Production of the 2011 model Camaro convertible started in January that same year, and the very first (#001) was purchased at Barrett-Jackson by Rick Hendrick, who is known for purchasing the very first model when it comes to Camaros and Corvettes. Available with the same exact options as the Camaro coupe, the convertible version was available in all trims and with any powerplant offered at the time. Convertibles were given an aluminum brace installed over the engine and under the transmission. Also, certain colors were not available due to the 2011 Fukushima earthquake causing lack of pigments.

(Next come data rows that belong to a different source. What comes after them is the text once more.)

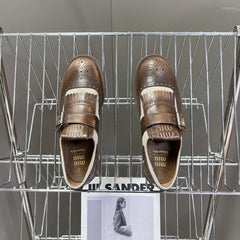 UNIQUE THICK-SOLED OXFORD SHOES WOOD MIX CREAM CALFSKIN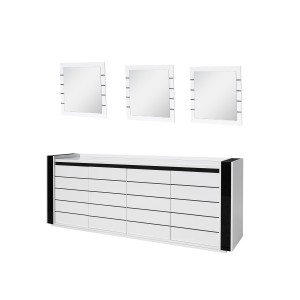 Ensemble buffet LINA avec LED et 3 miroirs carrés coloris blanc et noir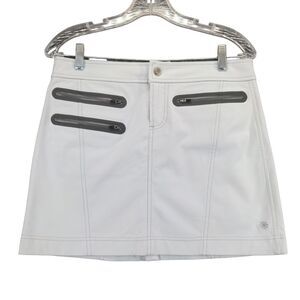 Athleta Skirt Womens Size 4 Gray Zip Pockets Polyester Blend #791804
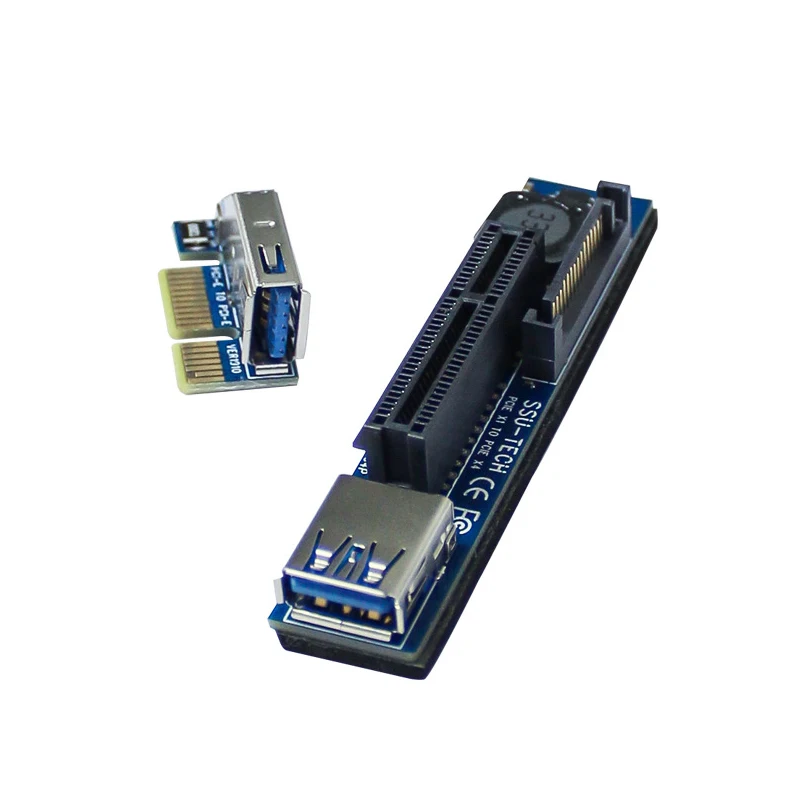 PCI-E удлинитель PCI E 1X до Райзер USB 3 0 кабель SATA Power work для материнской платы x1 слот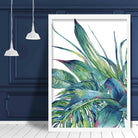 Tropical Blue Green Watercolour Leaves Group Left Poster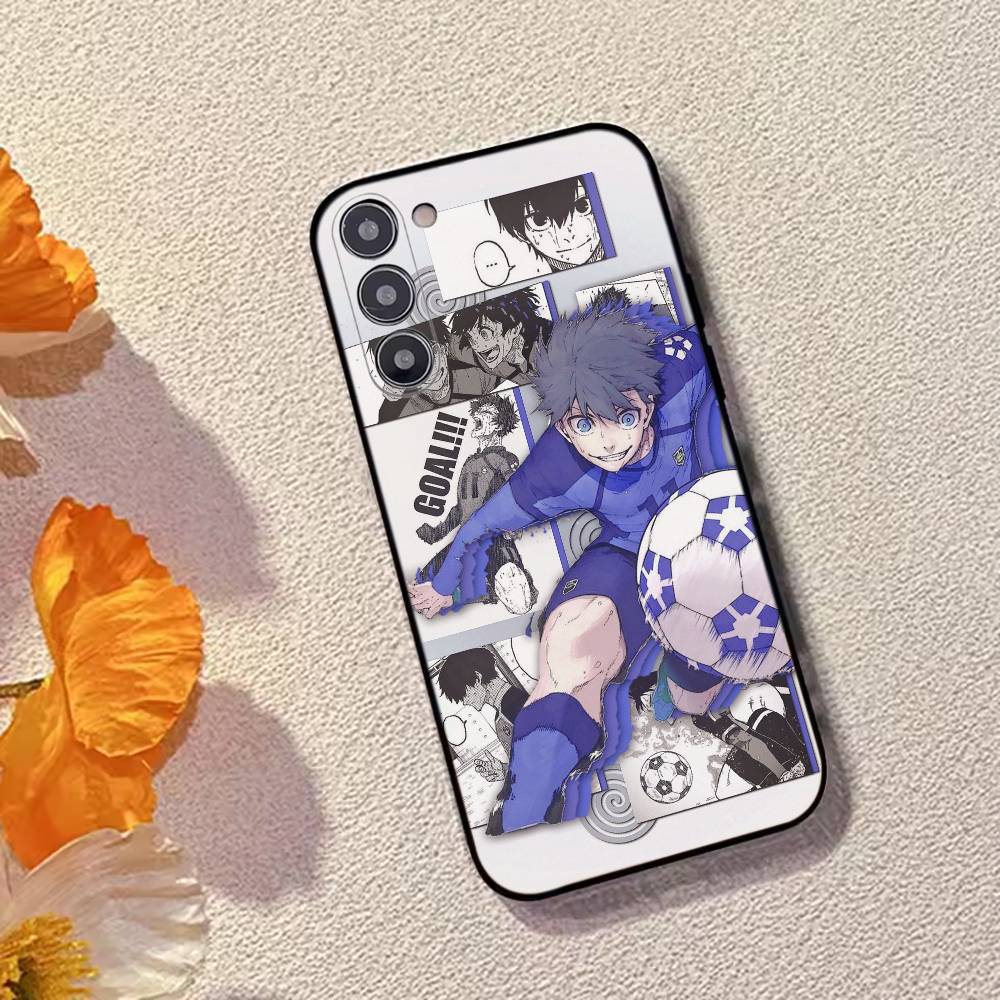 Anime B-Blue L-Lock Phone Case For Samsung Galaxy A73,A72,A71,A70,A53,A52,A51,Soft Silicone Black Cover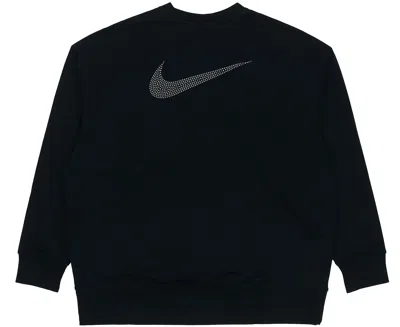 Nike (wmns)  Solid Color Logo Knit Round Neck Pullover Black Hoodie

After a two-year delay (with domestic demand to blame), an export version (not including Japanese version) was introduced in November 2011. This version featured unique tail lamps with turn signals and reverse, larger rear view mirrors on the outside with integrated turn signals, and other changes.

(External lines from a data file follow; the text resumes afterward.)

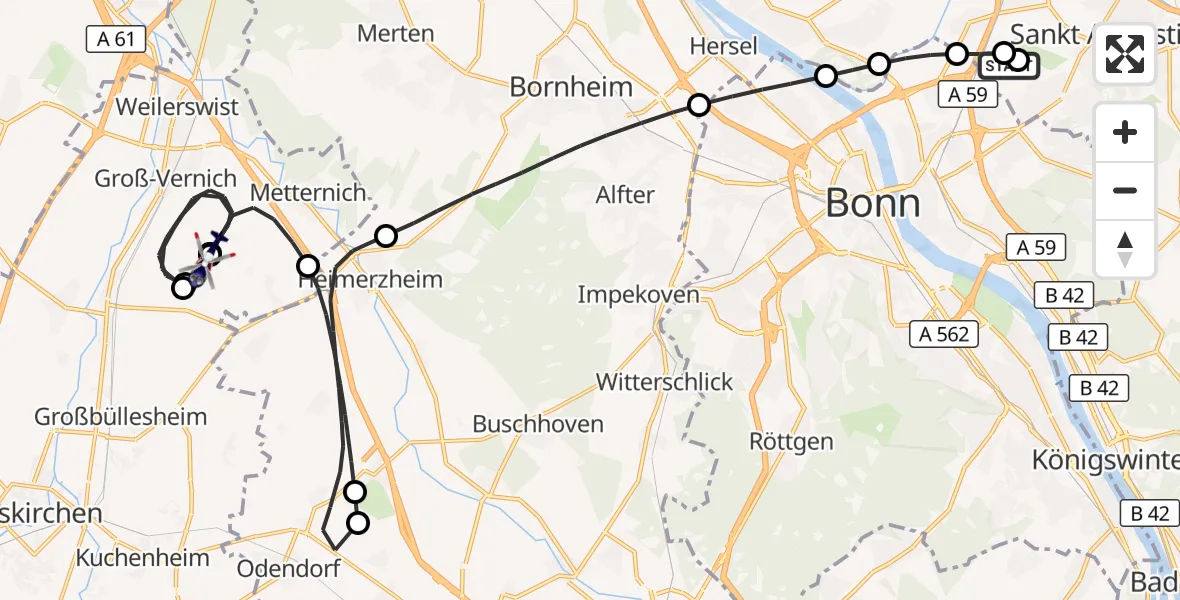 Flugroute Polizeihubschrauber Sankt Augustin - Weilerswist UL, 26 Oktober 2026, 16:35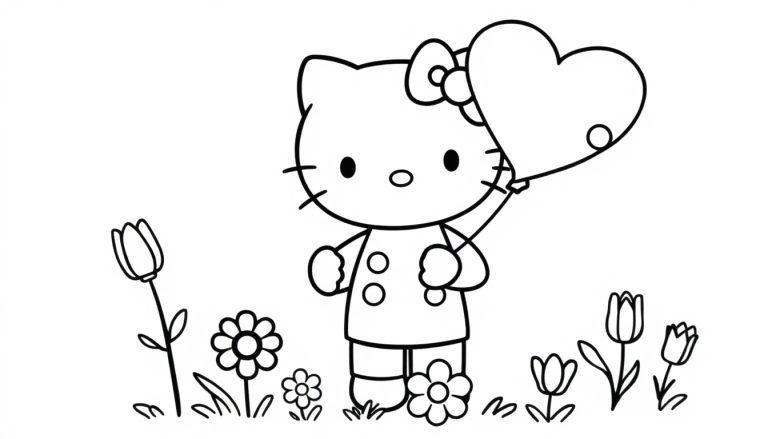 Schwarz-Weiß-Farbtafel von Hello Kitty mit herzförmigem Ballon und Blumen.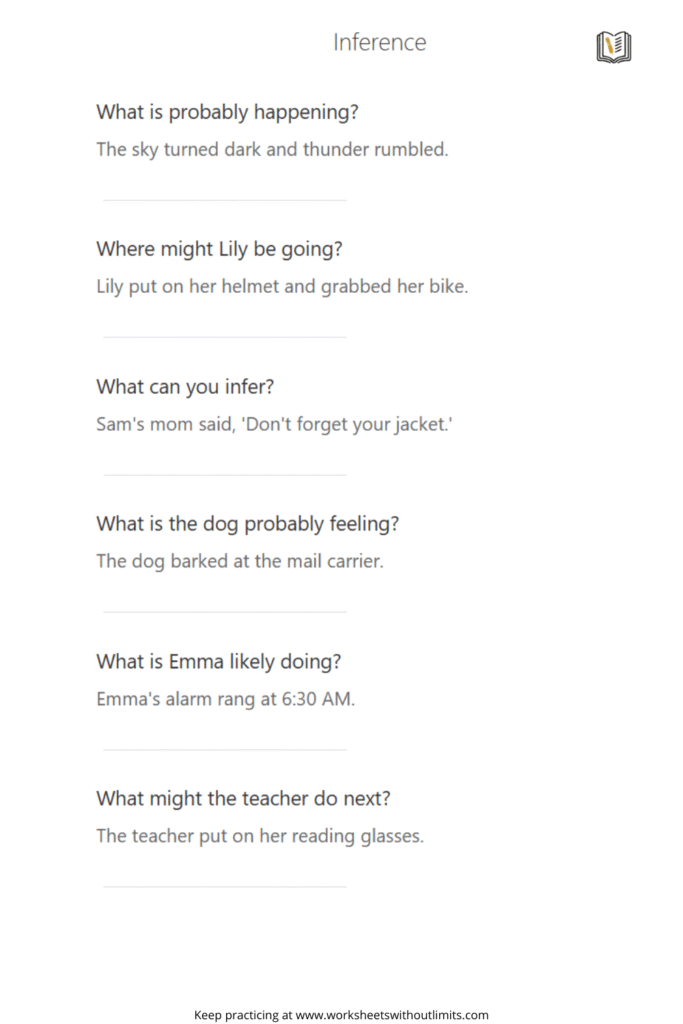 inference worksheets 5th grade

For 2012, a commemorative 45th anniversary model was built and finished in Carbon Flash Metallic, although not continuous throughout the entire period. Other highlights of the anniversary edition included exclusive 20-inch wheels, unique stripe package, and interior stitching in red, white, and blue. For power, an updated version of the 3.6-liter "LFX" V6 engine was available and made 323-horsepower, and suspension upgrades were given to the SS model. All Camaro models were given an RS spoiler and taillight decals, Bluetooth connectivity controls, and volume and radio controls on the steering wheel.
For 2012, the ZL1 was powered by a supercharged 6.2-liter LSA V8 engine that produced a staggering 580-horsepower, an engine first stuffed inside the 2009 Cadillac CTS-V. More highlights include exclusive aluminum 20-inch wheels, a 2-stage exhaust, and suede seats, steering wheel, and shift knob.
For the 2012 model year, Chevrolet built a 2LS model (alongside the LS) with a different rear axle ratio (2.92) which allowed for better gas mileage (19/30 mpg) - the main goal for this new model. Powered by the V6, drivers could hit 7,200-rpm for the first time which allowed for the car to perform better than ever. Also, the new 2LS model offered plenty of rear spoiler options.
For 2014, the Camaro was given a cosmetic makeover including a bigger lower fascia, new fog lights, taillights reminiscent of the original car, and a thinner grille. Also, the Z28 model returned, and it was powered by a powerful 7.0-liter LS7 V8 engine capable of 505-horsepower which is the same engine utilized by the Z06 Corvette (C6). As usual, air conditioning was optional, and weight reduction attempts included given thinner rear quarter glass and rear seats, and removal of most of the sound deadening. An RS appearance package featured LEDs in both the taillights and headlights.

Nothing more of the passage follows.